The IBM z13 merges the zAAP functionality with zIIPs (zAAP on zIIP), so that zAAP-eligible work now uses zIIP instead. Furthermore, IFL and zIIP processors on the IBM z13, as they use the z13 microprocessor, have simultaneous multithreading (SMT) capability.

== Use of zIIPs ==
Use of zIIPs is supported in IBM Z Operational Log and Data Analytics and IBM Z Anomaly Analytics with Watson. IBM Z Operational Log and Data Analytics is a software that collects IT operational data from z/OS systems, transforms it to a consumable format, and streams it to analytics platforms, or to the included operational data analysis platform which provides insights to help visualize and search operational data to help identify the cause of operational issues. IBM Z Anomaly Analytics is software that collects IT operational data from z/OS systems, but uses historical IBM Z metric and log data to build a model of normal operational behavior, then analyzes real-time operational data through comparison with the model of normal operations to detect and alert IT operations of anomalous behavior.

When the Z Common Data Provider in IBM Z Operational Log and Data Analytics and IBM Z Anomaly Analytics with Watson is used to stream operational data, the zIIP offload function can be enabled, and then the System Data Engine component of the Z Common Data Provider can offload eligible work from general purpose processors to zIIP processors.
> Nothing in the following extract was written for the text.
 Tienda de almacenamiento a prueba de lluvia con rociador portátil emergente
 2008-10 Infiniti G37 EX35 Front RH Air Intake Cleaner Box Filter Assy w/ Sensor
This minimizes the MIPS consumption on general processors (GCPs) and reduces the total cost of ownership.

However, this offloading might add additional overhead in CPU time. If there is not enough capacity on zIIP processors, z/OS may redirect zIIP eligible work to general CPUs when all zIIPs are busy. The additional (overhead) CPU time to use zIIP processors can surpass the CPU time that is offloaded to zIIP processors. Or even, the general CPU usage is increased.